__Provided data__.
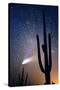 Hale Bop Comet-Douglas Taylor-Stretched Canvas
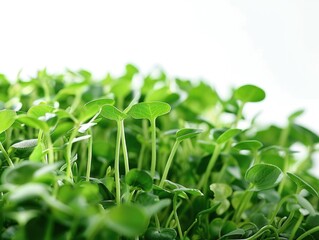 A close-up of fresh green vegetable sprouts growing on a bed of soil, emphasizing healthy and natural produce.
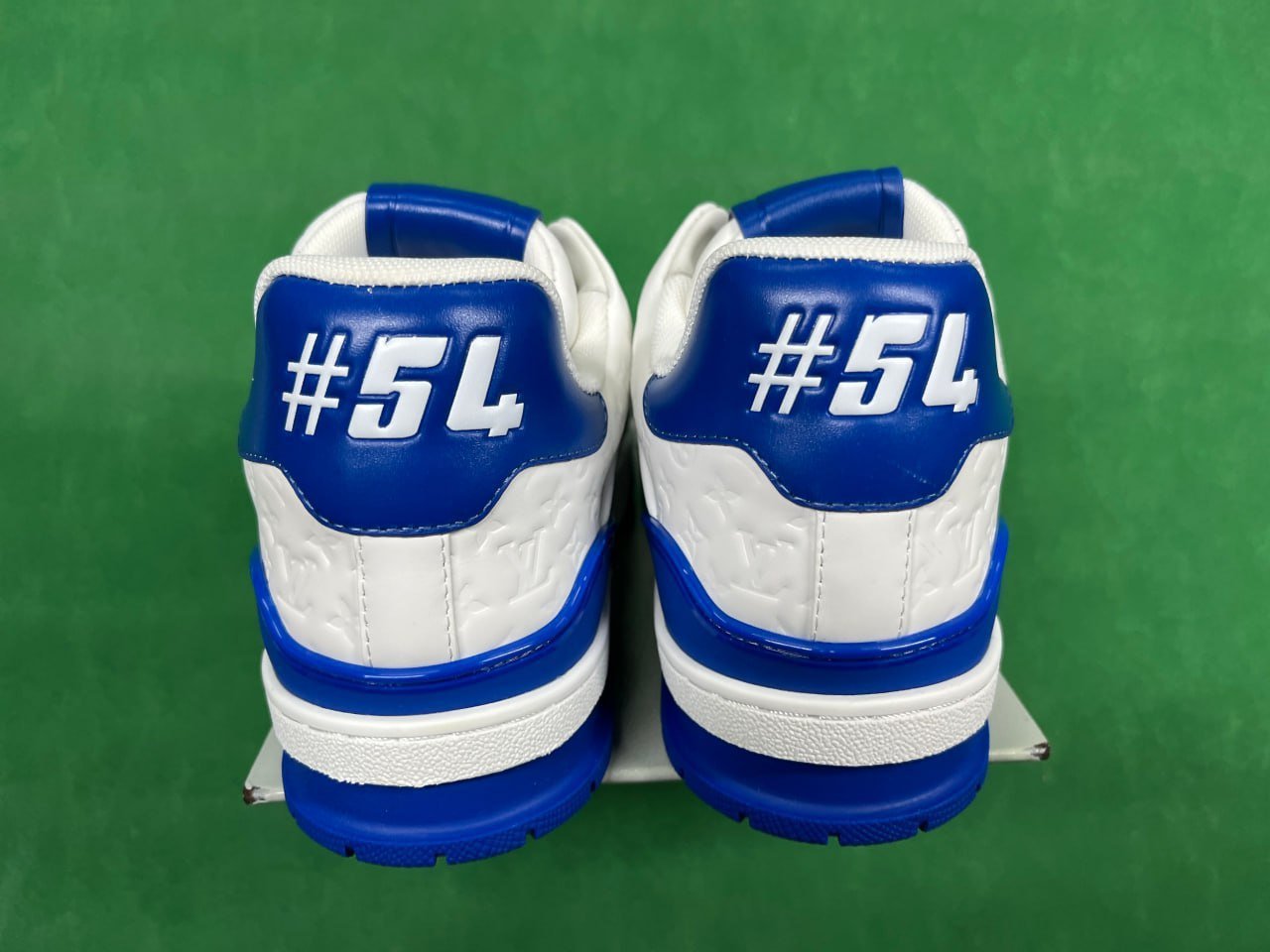 FS-LV Trainer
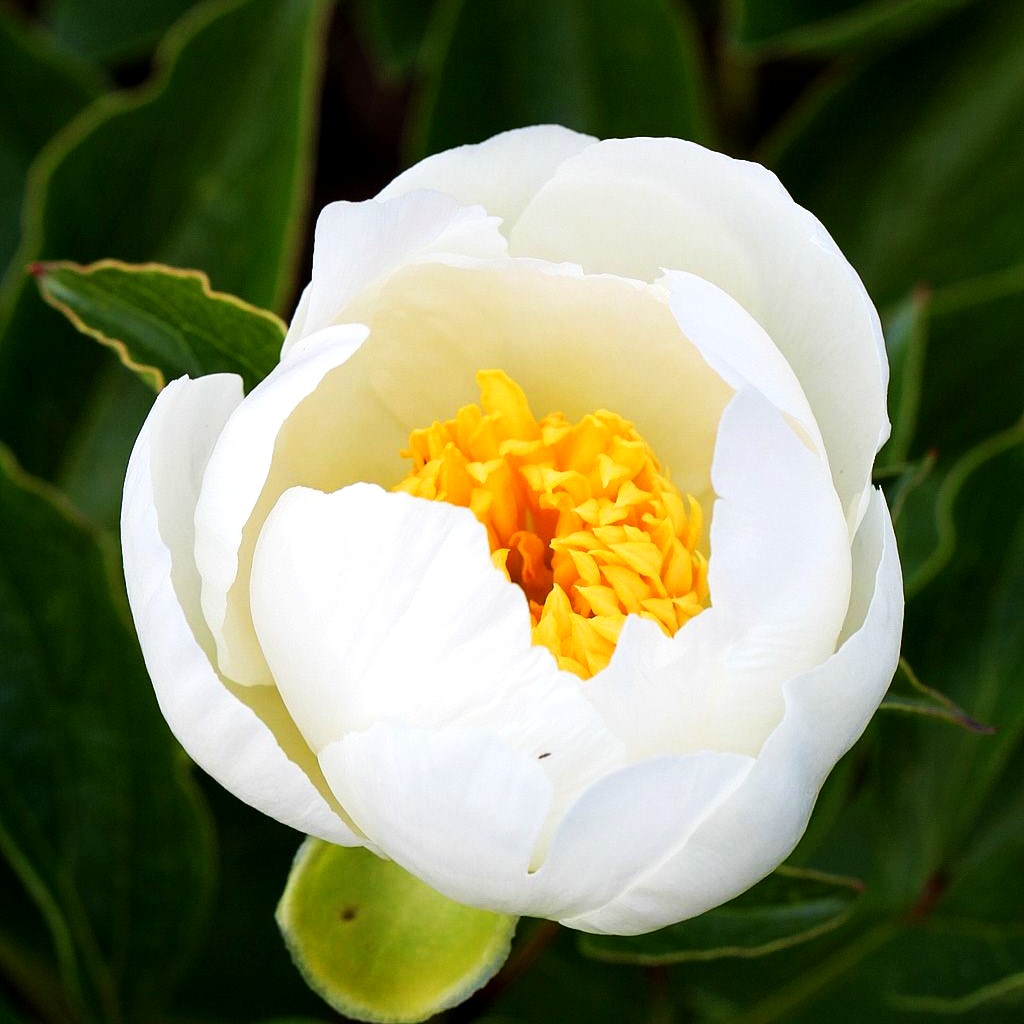 Pfingstrose 'Jan van Leeuwen' (Paeonia lactiflora)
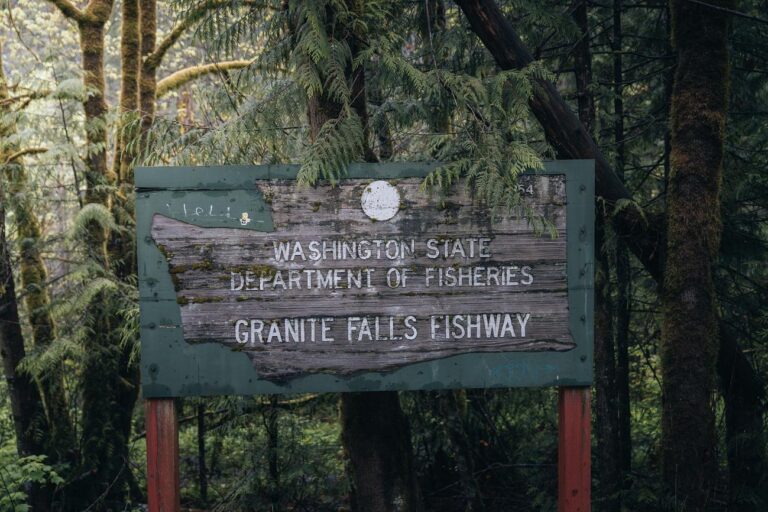 Granite Falls Fish Ladder: Preserving Fish MiGranite Falls Fish Ladder: Preserving Fish Migration and Ecologygration and Ecology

__Action item__.
Beginning with the line that contains "A close-up of", reproduce every line through the end of the records above exactly, leaving pictures out.

__Exercise response__.
 A close-up of fresh green vegetable sprouts growing on a bed of soil, emphasizing healthy and natural produce.
 FS-LV Trainer
 Pfingstrose 'Jan van Leeuwen' (Paeonia lactiflora)
 Granite Falls Fish Ladder: Preserving Fish MiGranite Falls Fish Ladder: Preserving Fish Migration and Ecologygration and Ecology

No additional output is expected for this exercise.